Friday, January 21, 2011

Transfiguration, deification, vision

I was hoping to treat this last section more fully but this short summary will have to suffice. This will also be my final post on Orthodox Spirituality: An Outline of the Orthodox Ascetical and Mystical Tradition.

The glory of the resurrection is connected with another event in Jesus' life, the transfiguration. Some more recent Orthodox writers see in this event a foreshadowing of the transformation of the world. But even apart from them the transfiguration has played an important role in Orthodox spirituality. The hesychasts, particularly, believed that a similar transfiguration experience ("the light of Tabor") could be experienced inwardly by the mystics.

The transfiguration is linked to the concepts of deification and vision. Deification is the normal course of Christian life in which the soul is unified with God. The process may be continual or it may be interrupted by falls, but it is the path of all Christians which is perfected "when Christ has attained in him the stature allowed by God to the capacity of that man." Visions are often closely linked to the unitive life. They are not limited to "sensory visions". Also included are: inner or intellectual visions; "the vague and diffuse feeling of an outward or inner life"; "awareness of an atmosphere"; consciousness of the presence of God; "divine light of direction"; a prophetic dream. Visions are the "anticipation and reflection, however dim, of the vision of God in heaven" and a "participation in angelic life".

Eternal life will bring the fulness of vision, "For now we see through a glass, darkly; but then face to face: now I know in part; but then I shall know even as also I am known" (1 Cor 13:12). But, in this earthly life, every Christian, whoever he may be, can obtain at least a glimpse of the Vision. Some ray from the glory of God may be granted to him. These glimpses, these rays, are often given; far more often than we think. And it is only because of these gracious gifts that many who are heavily laden are able to live on. The Face of our Lord can be dimly reflected in the mirror of the heart of man. If the Lord Jesus calls us and says: "What will ye that I shall do unto you?" let us answer: "Lord, that our eyes may be opened" (Matt 20:32 ff). For a vision is destined to every man. And blessed are they who, at the journey's end, can say: "I was not disobedient unto the heavenly vision" (Acts 26:19).

Saturday, January 8, 2011

Christ our Passover

Notes on chapter five of Orthodox Spirituality: An Outline of the Orthodox Ascetical and Mystical Tradition, "Christ our Passover".

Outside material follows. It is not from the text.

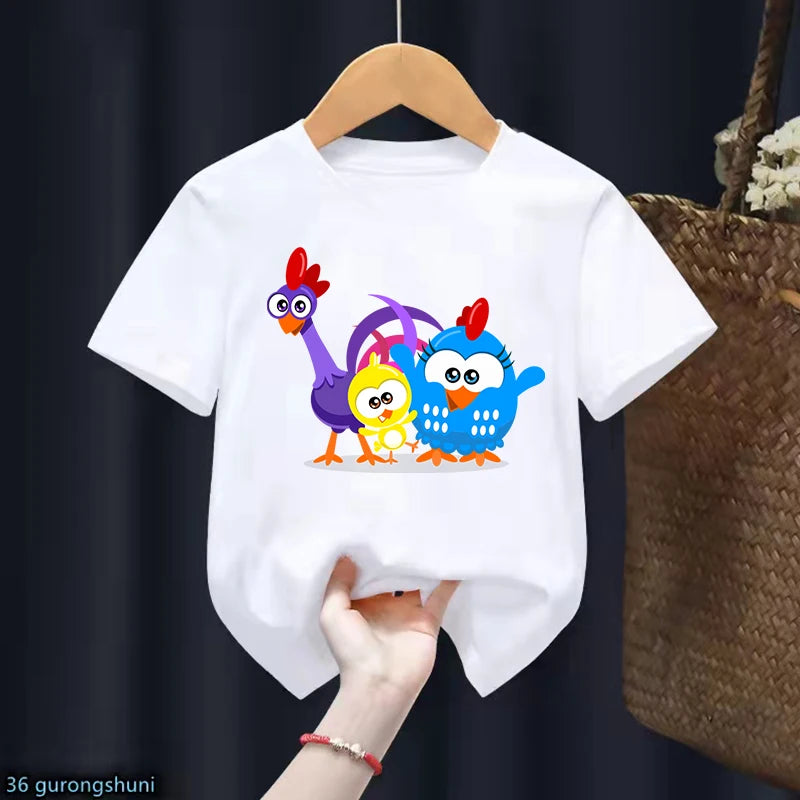 New Kids tshirt Cute Contos CláSsicos Com A Galinha Pintadinha Cartoon tshirt Summer Boys t-shirts Fashion Kawaii Girls t shirts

  1. The Paschal Lamb. "Eucharistic grace fulfills the grace of Baptism and the grace of Chrisma." The Paschal Mystery consists of the Lord's Supper, the Passion, and the Resurrection.
  2. The Supper of the Lamb. "The fractio panis, the breaking of the bread, remains the center of the Holy Mysteries." The Orthodox Church affirms the real presence of Christ in the Eucharist, but does not have a theory explaining it. "The Greek Fathers nevertheless eschewed the crude literalism which might become a kind of Eucharistic materialism. which might become a kind of Eucharistic materialism. They warned us against a one-sided or disproportionate piety towards the sacramental action or elements. They knew the the Eucharistic sacrament is not an end in itself, but a means to a spiritual reality greater than the sacraments." The Eucharist is a means of union: "Communicating with Christ, we communicate with all His members. ... The individual Jesus, the historical Christ, was in some sense the sacramentum, the sign, of the mystical body and total Christ, who constitutes the res, the full and ultimate reality of the Eucharist." Other Eucharistic beliefs/practices:
    • Orthodox Christians generally do not commune frequently, though there is a strong tradition in the Fathers for frequent communion. Augustine recommends that everyone act according to their conscience here.
    • Jesus is himself the "real and invisible priest" in the Eucharist.
    • The faithful offer small loaves of bread, prosphorai, which the priest slices into small bits. These pieces are not consecrated, but are placed inside the chalice after the wine has been distributed. This symbolizes the union of Christians with the sacrifice of Christ.
    • The Eucharist is not a "new immolation" of Jesus. "Our present Eucharists are offerings, actualizations, applications of this one all-sufficient Sacrifice." They are "unbloody sacrifices" of praise.
  3. The Blood of the Lamb. It is not true that the Orthodox church gives less consideration to the Cross than the Western church. The Cross is commemorated in the Orthodox liturgy numerous times. They do not, however, have realistic depictions of Christ on the cross, preferring to keep crucifixion and resurrection together by depicting Christ on the cross as a victor. There is a veneration and mysticism of the wounds of Jesus in Orthodoxy. Linked to these things is the Orthodox passionate feeling for the martyrs and its traditional "evangelical non-resistance to violence".
  4. The Marriage of the Lamb. The Bride of Christ is the Church, but "nuptial analogies" have also been used of the relationship between Christ and individual Christians, e.g., virgins, martyrs, mystics. Although Orthodoxy sets virginity above matrimony, the union between a husband and a wife is "a sharing in the marriage between the Lamb and the Church."
  5. The Triumph of the Lamb. "Christ immolated is also the risen Christ." A peculiarity of the Orthodox church is the way they give the grave of Christ "a kind of predominance" over the cross. Another difference in emphasis between East and West is the way that the Orthodox keep cross and resurrection together, not limiting Easter joy to the resurrection only. [Comments: This seems a little unfair. Even so, I prefer proceeding through Holy Week at a more deliberate pace, not jumping ahead to the end of the story.] Gillet concludes with a section on the Transfiguration, deification, and vision, which I will discuss in a separate post.

Friday, January 7, 2011

The self-immolation of parenting

The goal of healthy parenting is children who are capable, upon reaching adulthood, of creating their own lives. That is, the goal of parents is to render themselves unnecessary. As the years pass and children grow in independence, parents must learn to let them go. But it is only in achieving the death of the relationship of necessity that a new relationship of mutuality can be resurrected.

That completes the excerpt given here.